Tras la caída de la Ciudad de Tenochtitlaán, hace 500 años, los españoles no encontraron mejor manera en su intento de conquistar a los antiguos mexicanos que hacerlo a través de su pensamiento, por lo que a la violencia física sumaron la sicológica y comenzó una estrategia de sometimiento contra la población indígena a la voluntad de los europeos; para ello, como principal herramienta, se utilizó la evangelización. Los sacerdotes cristianos tenían para entonces una larga historia –de mil 500 años– en la utilización de la mercadotecnia del dogma, e inmediatamente identificaron deidades, celebraciones y tradiciones, además de fechas simbólicas y ceremonias prehispánicas, para disfrazarlas con sentido cristiano y, con ello, llevar a la población a adorar a su dios y adoptar como suyos mandamientos de sumisión sin abandonar del todo sus rituales; así, los mexicanos continuaron yendo al Tepeyac a adorar a la madre de todos los dioses, a quien le pusieron vestimenta distinta y otro nombre: Guadalupe.
Con la consigna de llevar a cabo una evangelización en la Nueva España, llegaron a nuestro país frailes de distintas órdenes. En 1523, fray Pedro de Gante, personaje cercano al emperador Carlos V –el hombre más poderoso del mundo en aquella época–, fue encargado de planear y ejecutar la labor de convencer a los indígenas de adorar una imagen que los mexicanos no comprendían: un dios torturado y sacrificado por los hombres cuya figura era reverenciada por los mismos que les impedían sacrificar, en honor a sus propios dioses, a los hombres.
Tras Pedro de Gante llegó un grupo de franciscanos al que llamaron “los 12 apóstoles” y con ellos las actividades inquisitoriales, primero con el padre guardián fray Martín de Valencia, a quien le sucedieron personajes responsables de un encargo que no funcionaba de la misma manera que en España debido a varios factores, entre ellos, la diversidad de lenguas, o que se tenía la ordenanza de que los indígenas recibieran condenas menos severas que las de los españoles; aun así, aquel decreto no siempre se cumplió; ejemplo de ello se puede ver con fray Juan de Zumárraga, primer obispo de la diócesis de México, y en 1535 primer inquisidor de la Nueva España.

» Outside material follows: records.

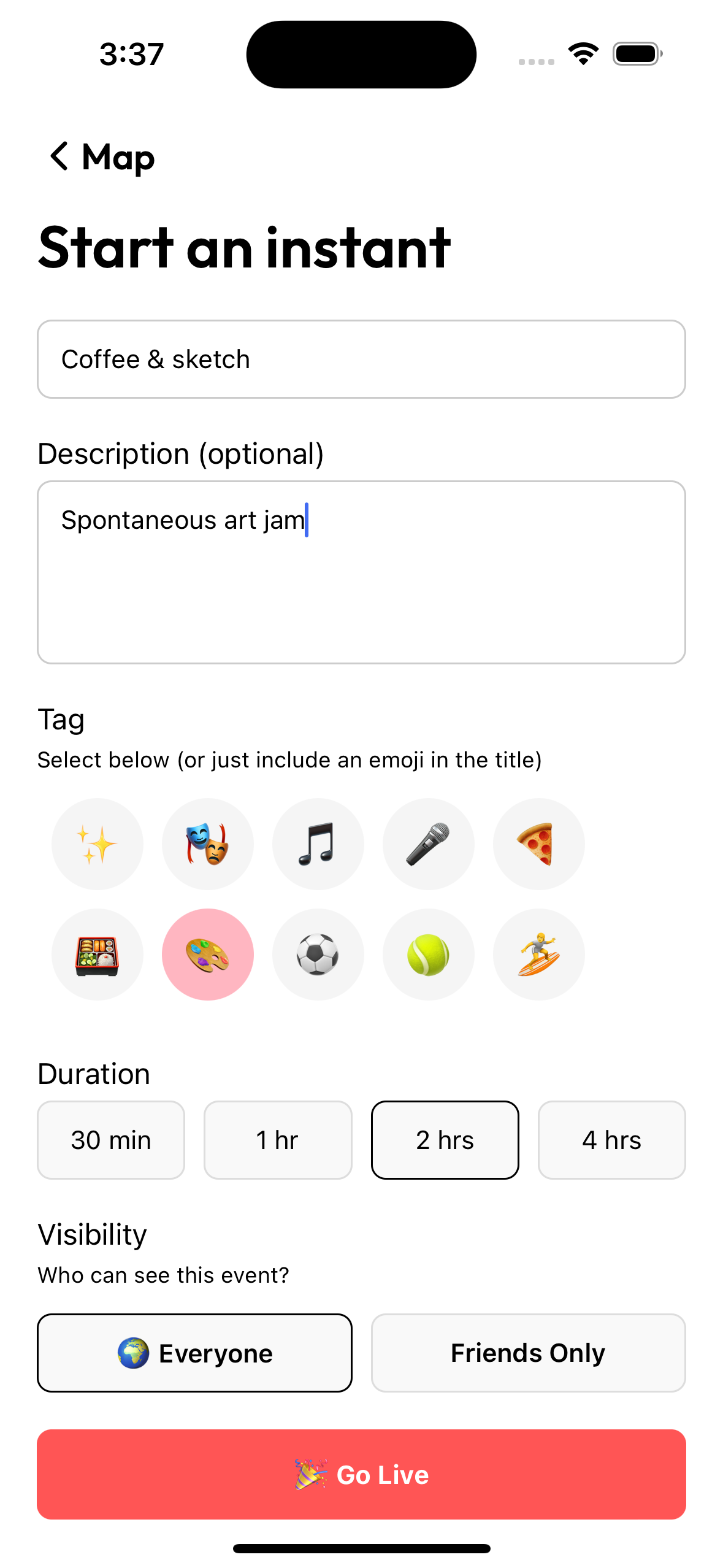 Instant app event creation screen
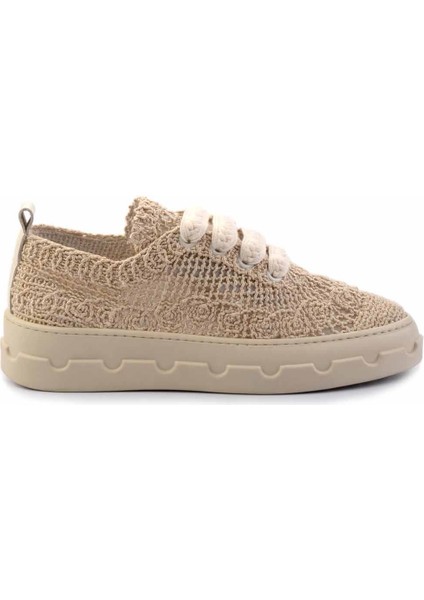 Bej Örgü Kadın Sneaker K01459090716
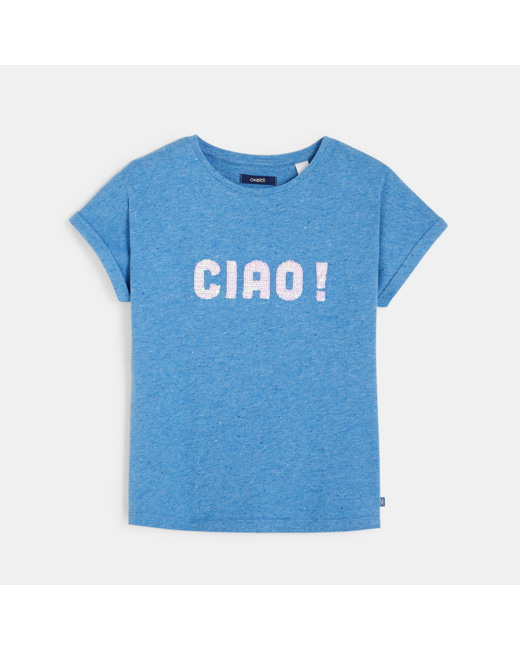 T-shirt à message bleu fille
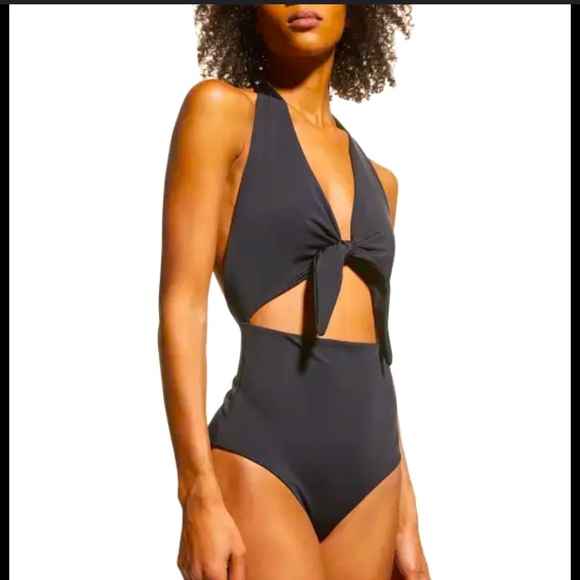 Mara Hoffman Maddy Black Halter Tie-Front High Waist One Piece Swimsuit - Picture 1 of 3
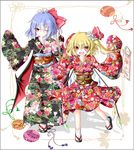  :d ;) alternate_costume blonde_hair blue_hair fang flandre_scarlet floral_print hair_ornament hair_ribbon highres japanese_clothes karakuri_neko_(tkfm) kimono multiple_girls one_eye_closed open_mouth purple_eyes red_eyes remilia_scarlet ribbon smile touhou wide_sleeves yukata 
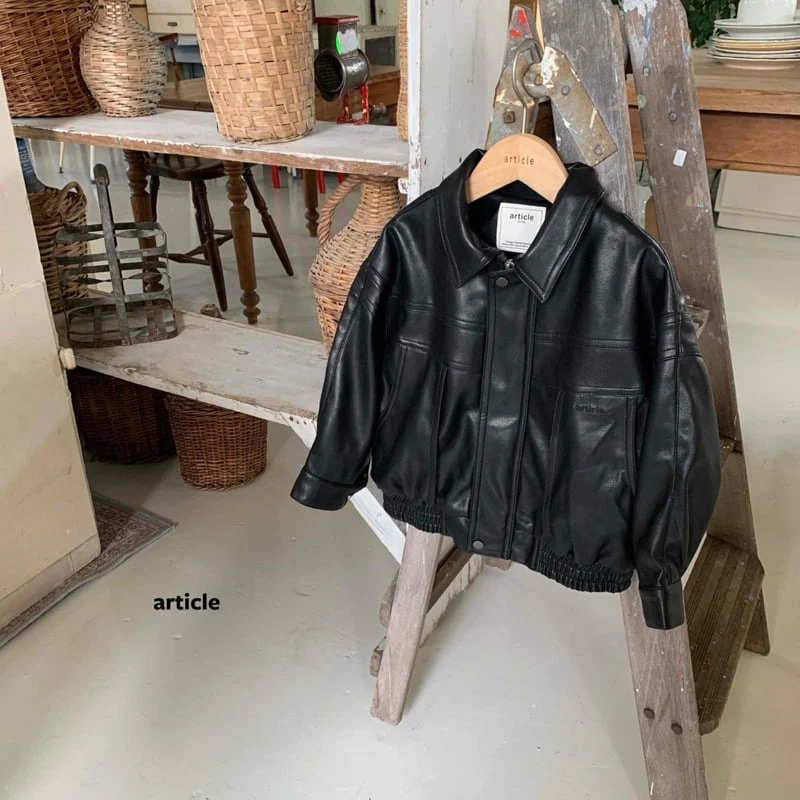 Article - Korean Children Fashion - #littlefashionista - Rise Leather Jacket - 2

Zumárraga emprendió varias causas, de ellas la mayoría fueron contra indígenas, tal vez la más –tristemente– recordada es aquella que encausó contra Carlos Ometochtzin, nieto de Nezahualcóyotl y señor de Texcoco, acusado de idolatría y realizar sacrificios humanos. El inquisidor no tuvo empacho en quemarlo vivo, por lo que fue severamente reprendido por sus altos mandos en España.
Para aquella época la Inquisición en la Nueva España no tenía sede como tal, el Santo Oficio se estableció en el Palacio Episcopal, para lo que se tuvieron que adecuar espacios donde ubicar a inquisidores, fiscales, tesoreros y –por supuesto– reos. No fue sino hasta 1736 que, tras cuatro años de obras, la Inquisición tuvo sede: El Palacio de la Inquisición –ubicado en la hoy Plaza de Santo Domingo–, que después alojó a la Escuela Nacional de Medicina y hoy alberga al Museo de la Medicina Mexicana; es un edificio que guarda, al menos, 84 años de injusticias cometidas por la nublazón al juicio que sólo el fanatismo puede crear.
Los tormentos en este edificio no sólo sucedieron mientras fue sede de la Inquisición. Uno de los más terribles martirios en este lugar se dio cuando era ya la Escuela de Medicina; fue autoinfligido y conducido por voluntad propia hasta la muerte; se trata del suicidio de Manuel Acuña, poeta atormentado y no correspondido por su amada Rosario a quien antes de morir compuso su último poema, “Nocturno”, dejando en él la prueba de que, al lado del de Acuña, cualquier otro Edipo es menor.
Alrededor del Palacio, y de la Inquisición, existen historias terroríficas a las que se suele colocar, para intentar entenderlas, en una época de oscurantismo y sinrazón que vemos lejana. La realidad es que se tiene registro de 300 personas juzgadas y, de aquellos juicios, se sabe de 43 sentenciadas a muerte en la hoguera, por lo que antes de horrorizarnos por lo sucedido antes de que México fuera un país independiente habríamos de preguntarnos sobre los motivos de los crímenes de odio en la actualidad y echar un ojo al oscurantismo presente, por ejemplo, el que se da con las alianzas de representantes de la ultraderecha en el Senado con agrupaciones políticas extranjeras que, en el siglo XXI, afirman que los españoles “vinieron a conquistar a México para salvarnos”.